The first seppuku that can be verified on record was in 988. A bandit named Fujiwara-no Yasusuke tried to commit suicide by cutting open his belly and pulling out his intestines when he was about to be captured. This means seppuku did not actually began with a samurai. After that, there are some records or samurai committing seppuku during the Muromachi era, but the main formula for seppuku was for samurai to follow their masters to their grave.

The Original Meaning of Seppuku

When the nation was deep into civil war and battles happening everywhere, many samurai who had the misfortune of losing in battle and fearing for their lives chose suicide by seppuku rather than be killed or capture by their foes. They began to believe that dying with the greatest pain was a samurai’s honor. Also, when an army defending a castle faced defeat, the commander sometimes offered to commit seppuku in exchange for the safety of his family members and soldiers.

It was also a practice for samurai to follow their lord into death by committing seppuku.  This was specifically known as oibara and served as a demonstration of not only loyalty, but also an honourable alternative to the masterless exile of becoming ronin.  Another use of seppuku was as a form of protest.  Whilst a samurai was bound to obey their lord in all circumstances, some particularly principled samurai would commit seppuku rather than carry out orders they thought were unjust so as to keep their honor intact.

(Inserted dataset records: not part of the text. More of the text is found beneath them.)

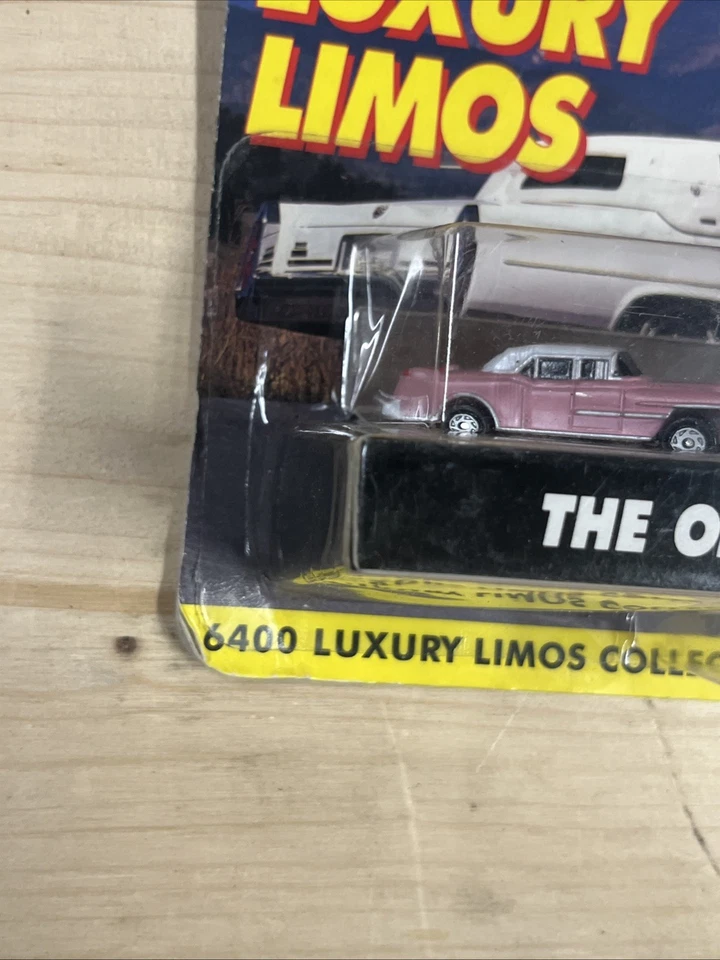 1990 Micro Machines LUXURY LIMOS Millionaires Collection #2 Galoob - New RARE!!! - Image 4 of 4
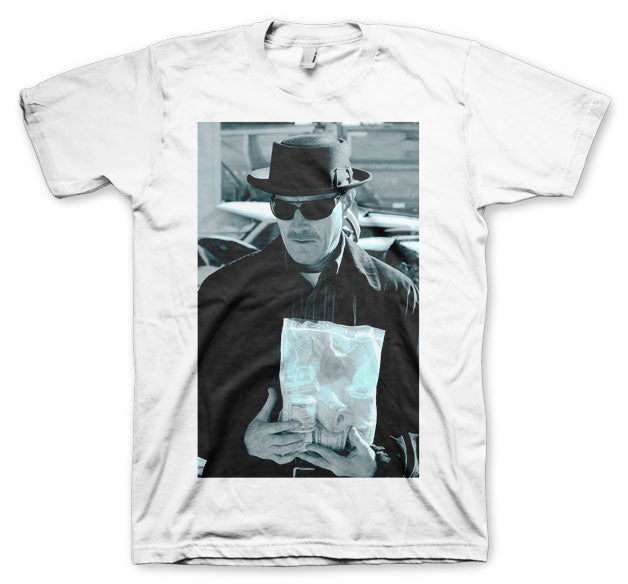 Heisenberg Money Bag Big & Tall T-Shirt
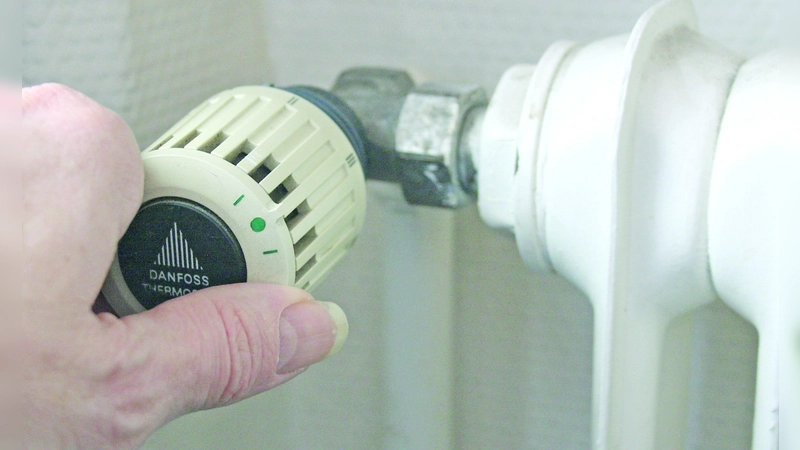 Wer den Heizungsthermostat richtig eingestellt hat, kann bares Geld sparen. (Foto: job)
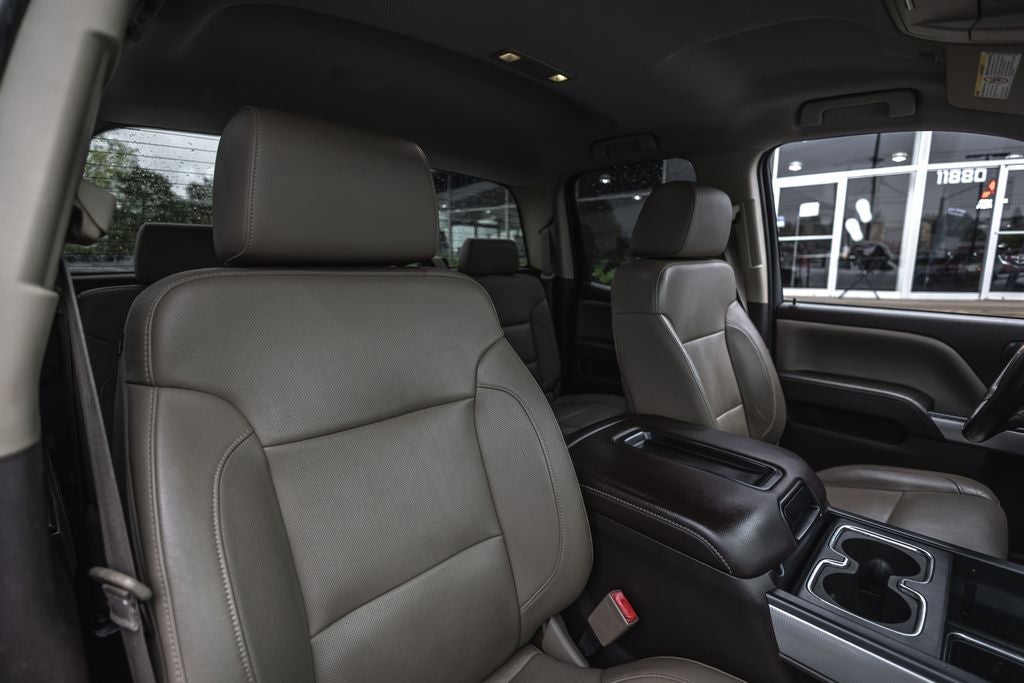 2015 Chevrolet Silverado 2500HD LTZ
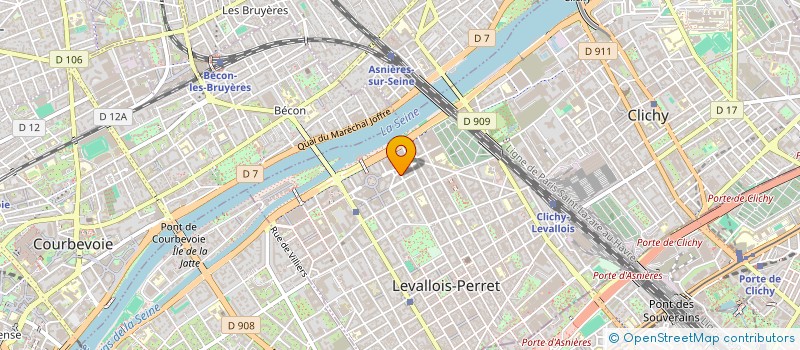 localisation de l'entreprise MONSIEUR YOAN TORDJMAN à LEVALLOIS PERRET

Woodblock print of Samurai committing Seppuku


However, during the sengoku (civil war) era, the meaning of seppuku changed dramatically and became a form of punishment for the samurai. Up until then, seppuku was done voluntarily, but from this era those who held authority or those who had won in battle would be able to order someone to commit seppuku as a form of execution for their failures. In the Edo period the “order” for seppuku was established with the introduction of a “beheader” called Kaishakunin. Specifically, the beheader would stand over the samurai committing seppuku and cut off his head. The head would be handed over for examination. Since seppuku developed into an involuntary method of execution, a beheader was introduced to free the person from severe pain. Yet, the beheader had to be a highly skillful swordsman, as he was required to cut of the head in one blow. Failing the beheading meant striking the person repeatedly and putting him through even more pain, and it was even considered unfitting for a samurai and an embarrassment for the household in charge of the seppuku. Therefore, sometimes the lord would ask other lords to send them a skillful beheader.

Kabuki actor performing Harakiri action

Seppuku as a Ritual

As the Edo period reached a time of peace, seppuku simply became a formality. The purification ritual, the notification to the authorities, the preparations and clothing for the day, the length of the dagger, the actual method of seppuku, the method of beheading, the method of autopsy were all decided meticulously, and seppuku was carried out like a on an assembly line. Cutting one’s belly to commit suicide has existed in cultures around the world, but Japan’s complete manualization of it is an extreme rarity.

Harakiri scene


Unlike the samurai during the Sengoku period who lived through a time when they could lose their lives at any moment, in the peaceful Edo period many samurai were no longer able to plunge a dagger into their own stomach. This caused a further change in the “seppuku” method, where the samurai would not actually cut his stomach but simply touch the dagger laid on a special table, and the beheader would strike him. Some of them would be completely overcome with fear and lose their composure when seeing the dagger, so a wooden sword or a white fan would be placed instead of the dagger. As he reached out for the wooden sword of the fan, the beheader would strike his head. When word got out that a person had committed “seppuku” using a fan, people may make fun of him as a coward, calling him a “fan-belly”.

Woodblock print of Samurai committing Harakiri


Actually, there are no records of any clan lords or daimyos committing seppuku because political failures. Usually their generals or close attendants would commit seppuku to resolve the issue. There is a Japanese idiom “being forced to cut one’s belly” which is used in situations where someone is forced to bear responsibility or resign from office. Since the old days, there always seems to be cases where those in power force people under them to bear responsibility.